People make decisions that are not always based on facts data, asking a simple
open clarification leads many times to a good discussion.

Why did you choose this framework ? this architecture ?

Who is going to use this product ? How ?

When does this problem happens ?

------
maps7
cosmovegas, I am the exact same as you. I recommend a book called Quiet by
Susan Cain. It's really good and I found myself described in the book in so
many ways.

Some of the examples given in the book are from Susan's own experience of
being in work meetings as a lawyer.

------
Jugurtha
Let's get some things out of the way first...

You've posted here about your current state, your desired state, and your wish
to go from the former to the latter.
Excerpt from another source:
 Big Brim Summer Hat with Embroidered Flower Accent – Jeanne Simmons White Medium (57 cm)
This is problem solving and you're taking
action to find a solution, which is everything but passive.

You claim you lack creativity; I'm a disbeliever until you have irrefutable
proof of your lack of creativity.

Now...

Contributing to meetings does not necessarily have to be _during_ meetings.
The point of meetings is to drive a _project_ or _product_ forward, so that's
what to be optimized. One of the _most_ valuable things you can do, and that
does not require _thinking on your feet_ , is to take meeting notes/minutes,
with action items, and send them to everyone after the meeting.

If you do not have a template, here's one you can use[0], under section 1.1,
"Taking meeting notes". If you send this a few times, everyone will get used
to the template and will parse the message really fast, as they would with
idiomatic code.

You can create a repository and push the notes to version control. They will
be rendered in Markdown nicely on GitHub or GitLab.
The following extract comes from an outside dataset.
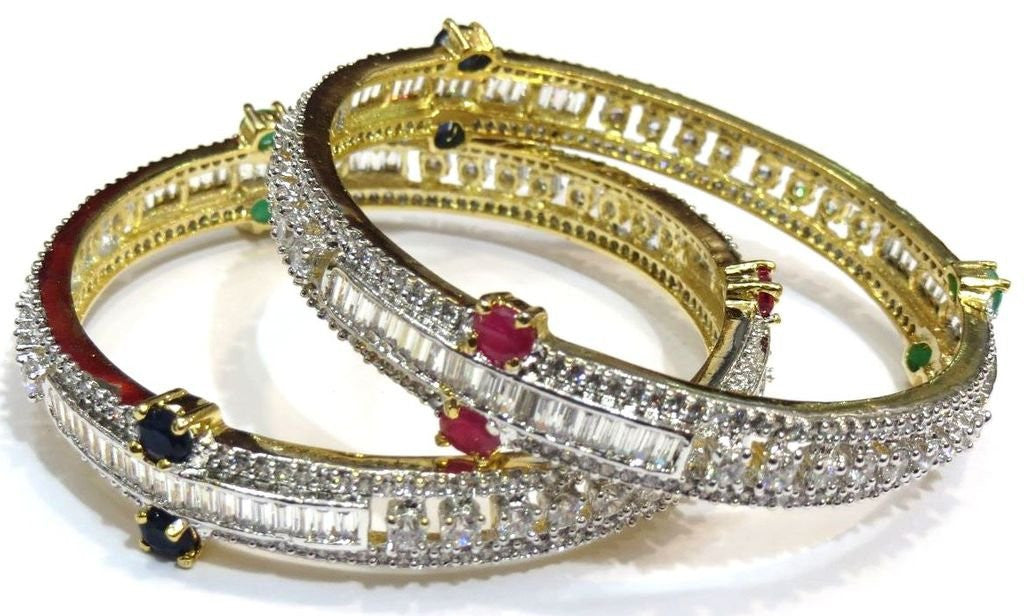 Jewelshingar Cubic Zirconia Bangles Set For Women Jewellery ( 7060-2.4-1-jb-Ruby-Emerald-Sapphire ) - JEWELSHINGAR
You can also augment the meeting notes with resources and _analysis_.
Descriptions of different tools that were discussed, alternative approaches,
etc.

You can also take the action items and create the issues in your issue
tracker, fully explaining the problem to be solved, the preliminary solution,
alternative approaches, likely parts of the code/product to change, related
issues, when it is due, which milestone does it belong to.

This plays to your strength, as you can do it alone, in a place and time you
are most productive. This is also a highly valuable product. The point is to
add value to the team and the product.

This is a hack, because often times people do not contribute during meetings
because they feel they will be interrupted, talked over, or not have the time
to fully develop an idea. If the person in charge isn't attuned to people's
characters, and making sure people do not speak over one another, put out
decibel bullying or conversation domination, many people will never talk. You
do that, you get heard, and then you'll get comfortable speaking. Supposing
you want to.

Taking it a step further, you can tackle some of the problems. Say an issue
that has different approaches. You can create several branches and implement a
solutiong using different approaches, and then bring these to whoever merges
the branches. You are then helping do their job which is "choosing" which
direction to go. This is a lot of effort but things will move faster when the
team lead or CTO or whoever has three branches and proof of concepts and they
can just choose whichever they like. However, in doing that one must be
ruthless and be totally fine seeing code they wrote, often during commute or
the week-end, never get merged. Some will, and it will drive the project
further in the right direction, but I digress.

If you do that (just the notes and refined issues part):

\- 1. The opinions you were not confident adding will find their way to the
team

\- 2. During future meetings people _will_ pause the meeting and ask your
opinion

Now have the problem of everyone wanting your opinion on everything.

[0]:
[https://news.ycombinator.com/item?id=19924100](https://news.ycombinator.com/item?id=19924100)